> **ACTIVITY**: Without the images, reproduce each line of the material exactly.

> **EXERCISE DATA**:
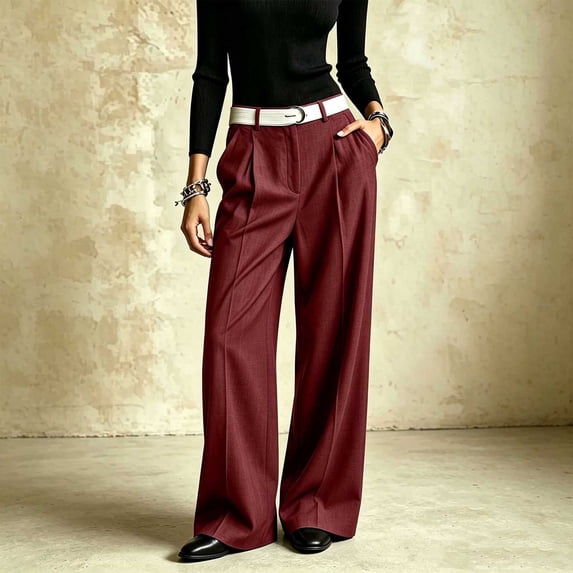 Women's Wide Leg Dress Pants, High Waisted Trousers with Belt Loop and Side Pockets, Business Casual Pants for Office | VerBelle,Wine L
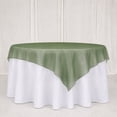 thumbnail image 3 of Efavormart 10 Pack Organza Table Overlay 72"x72" Dusty Sage Green - Sheer Table Topper, 3 of 5
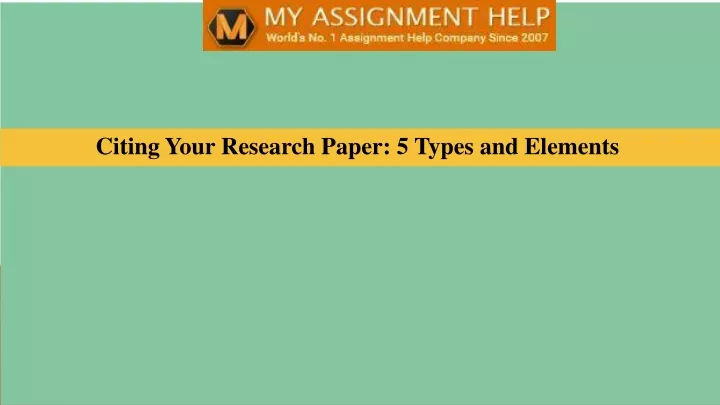 citing your research paper 5 types and elements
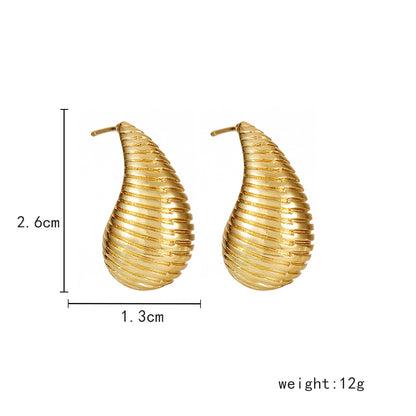 1 Pair Simple Style Classic Style Commute Water Droplets Carving Copper 18K Gold Plated Ear Studs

> **WRITTEN SOLUTION**:
 Women's Wide Leg Dress Pants, High Waisted Trousers with Belt Loop and Side Pockets, Business Casual Pants for Office | VerBelle,Wine L
 thumbnail image 3 of Efavormart 10 Pack Organza Table Overlay 72"x72" Dusty Sage Green - Sheer Table Topper, 3 of 5
 citing your research paper 5 types and elements
 1 Pair Simple Style Classic Style Commute Water Droplets Carving Copper 18K Gold Plated Ear Studs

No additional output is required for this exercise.